I, on the other hand, with my hopeless sense of direction, generally stay on a trail and bushwhack out around my campsite. That’s what I did a few years ago, with my friend Tom Murphy. We’d been hired to write up these trips for National Geographic Adventure magazine. Here is a chronicle of three of those trips, updated, revised, and greatly expanded.
Into the Thorofare
A LOT OF STRANGE AND WONDROUS THINGS ARE happening in the largely unknown backcountry of Yellowstone. The park is big—bigger, in fact, than some states: about 2.22 million acres, with 97 trailheads and at least a thousand miles of trail, as well as great expanses of land that aren’t served by any trails at all. A man might spend a lifetime walking the backcountry and never know it all. This means there is always something to discover. But discovering something is one thing; beating one’s chest about it is quite another.
For example:
In The Guide to Yellowstone Waterfalls and Their Discovery, by Paul Rubinstein, Lee Whittlesey, and Mike Stevens, published in 2000, the authors report that they “discovered” 240 unknown, unmapped, or unphotographed waterfalls. No kidding? In this day and age, new discoveries! Well, not precisely. A foreword, by Dr. Judith Myer, puts the matter in perspective: “The title of ‘discoverer’ is not necessarily bestowed on someone who sees something for the first time. A discoverer discloses information to others,” in the manner, for instance, that Christopher Columbus discovered America.

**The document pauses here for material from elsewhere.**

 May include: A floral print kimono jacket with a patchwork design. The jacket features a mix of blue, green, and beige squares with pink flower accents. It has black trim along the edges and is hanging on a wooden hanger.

This is not an evil, nor even a fraudulent book. The authors may have truly found some unseen water. Maybe. But they themselves acknowledge that a few “privileged” individuals “did see some” of the waterfalls. “Most of them, however, failed to write reports . . . or photograph them, or even map them” and therefore “missed their chance at credit for their discoveries.”

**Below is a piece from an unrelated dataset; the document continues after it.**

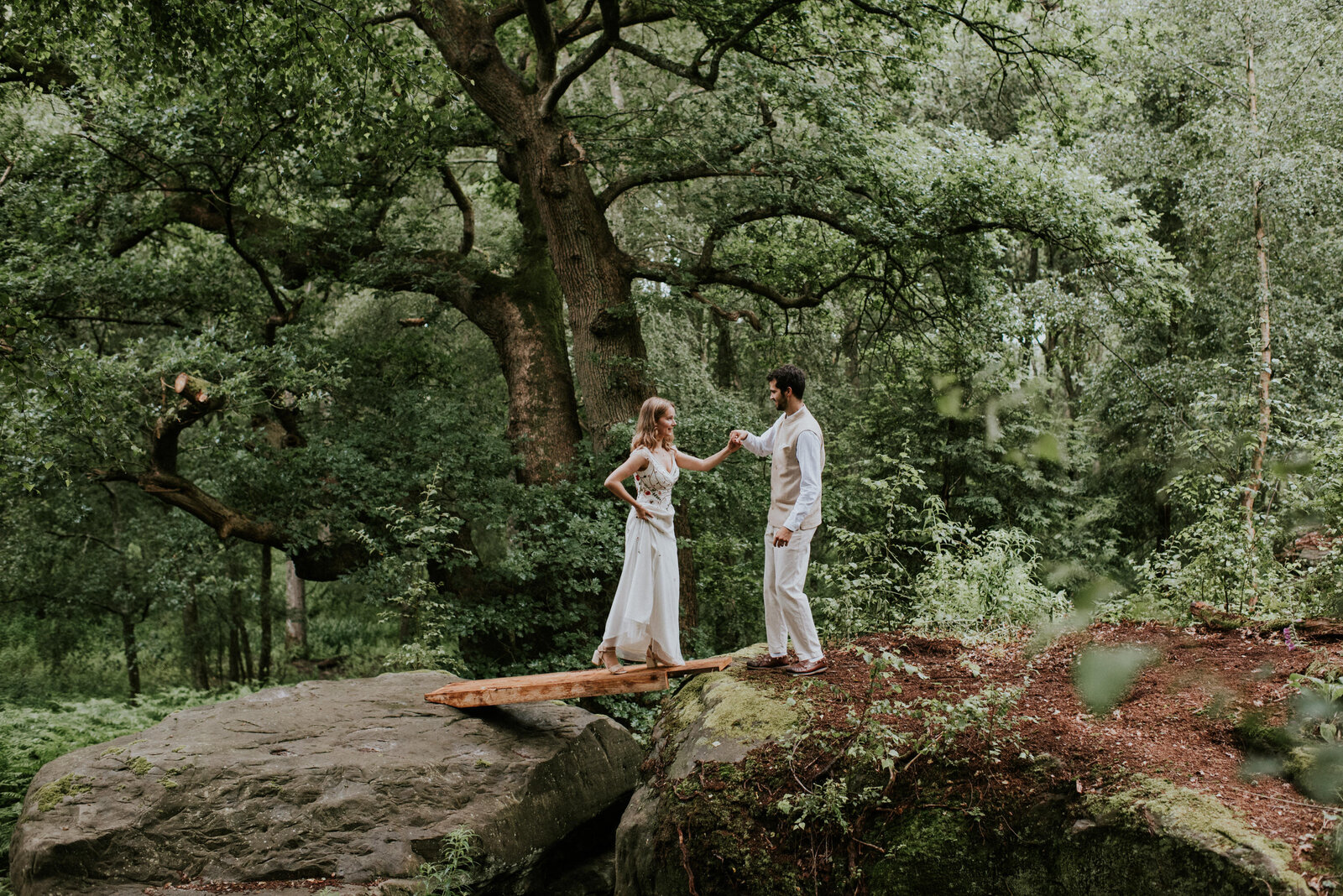 Groom helping bride over a bridge at their woodland wedding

In fact, many hundreds of Boy Scouts had seen at least one of these falls before, and rangers, seeking to limit erosion, had built a trail to one of them. But it was the authors who publicized the “find,” and they beat out the Boy Scouts fair and square.
Furthermore, some of those privileged individuals who had seen various falls previously, it must be said, missed their chance to be called “discoverers” in the name of what I can only describe as the their interest in the preservation of wonder. Indeed, certain rangers, guides, and knowledgeable hikers find the concept of credit for discovery disagreeable. The authors themselves note that “some wilderness advocates hate the idea of official names in wilderness areas and love the idea of large spaces on the maps where there are no names.”
That was the gist of the argument that swirled about the Waterfalls book on the fringes of Yellowstone Park. It was a low-level dispute: no one doubted the authors’ hard work or honesty or good intentions, only the wisdom of their catalog approach to wilderness. Others, generally outside the area, just read the headlines. Friends and colleagues called from New York, thrilled about the 240 new waterfalls.
Which, the authors said, was part of the plan: “We hope the revelation of these beautiful natural features will spur city dwellers, who need these places for mental health and restoration more than anyone else”—nutcases!—“to use their resources to protect them by voting for environmental candidates rather than developers, by yelling loudly whenever there are threats to these places.” And so on, in admirable open-handed altruism.
It occurred to me that if these three guys could spend seven summers searching for waterfalls on behalf of the sanity of city dwellers everywhere, the least I could do for the pitiable urbanites of my acquaintance was to spend a lot of time selflessly hiking the backcountry with my friends. I’d let the water fall where it may, and later we could all go out and yell at some developers together.
Hiking Yellowstone, out of sight of any road, seems to be on everyone’s unfulfilled wish list. It is often said that 99 percent of the visitors to Yellowstone never see the backcountry. Out of curiosity, I checked this out and found that this statistic is somewhat understated. In 2001, according to Yellowstone Visitor Services, there were 2,758,526 recreational visitors, of whom 19,239 applied for a backcountry camping permit. That means—rounding the numbers off a bit—that in 2001 a full 99.3 percent of park visitors didn’t overnight in the backcountry.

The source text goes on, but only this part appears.